Merrill Moving Toward Single Managed Accounts Platform

As Merrill Lynch begins to roll out a new single platform for its managed accounts, the conversion will usher in a change that Lorna Sabbia, head of the firm’s Managed Solutions Group, has been hearing advisors request for 18 years.

That change will allow the firm’s 16,000 plus financial advisor force to use a single fee arrangement regardless of which of the firm’s platforms the client is invested in. Currently, there is a different fee structure for clients on the separately managed accounts platform, mutual fund wrap program, rep as portfolio manager program, rep as advisor program and unified managed account platform.

“This is something that the industry has struggled with for 18 years,” Sabbia said of the managed account platforms that date back to 1989 and have since evolved into five distinct platforms. “With this new innovation, we’re taking the opportunity to fix it.”
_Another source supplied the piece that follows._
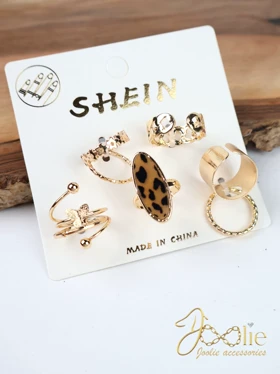 مجموعه 7 عددی انگشتر زنانه کدR4168 (طلایی)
Now, instead of going to five different websites to find out how the client’s total portfolio is performing, advisors can turn to a single website.
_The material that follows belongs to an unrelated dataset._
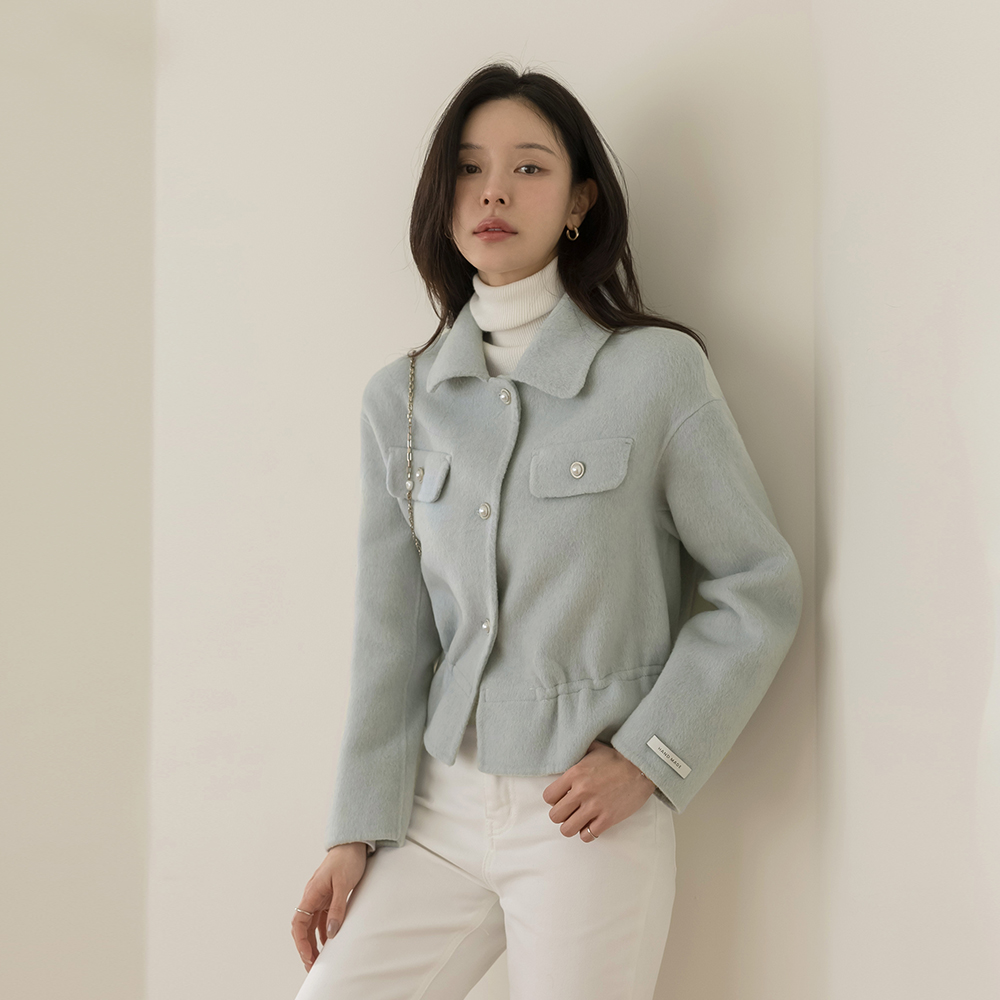 翻领 手工 羊毛 珍珠 松紧带 短 夹克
The change also means that advisors can use one contract instead of five and can consolidate the reports generated from five to one, according to Sabbia.

The new platform will be available to a limited number of the firm’s advisors and their services staffs starting in September, accounting for up to 250 employees. Merrill Lynch is scheduled to begin a broader roll out of the consolidated platform later this year that will gradually expand to all of its 11 markets. The firm is giving all of its advisors until the end of 2015 to adopt the new platform, when it will sunset the five preceding platforms.

The biggest result of the change will be for advisors, Sabbia said, who often have to toggle the five platforms to complete the services requested by clients.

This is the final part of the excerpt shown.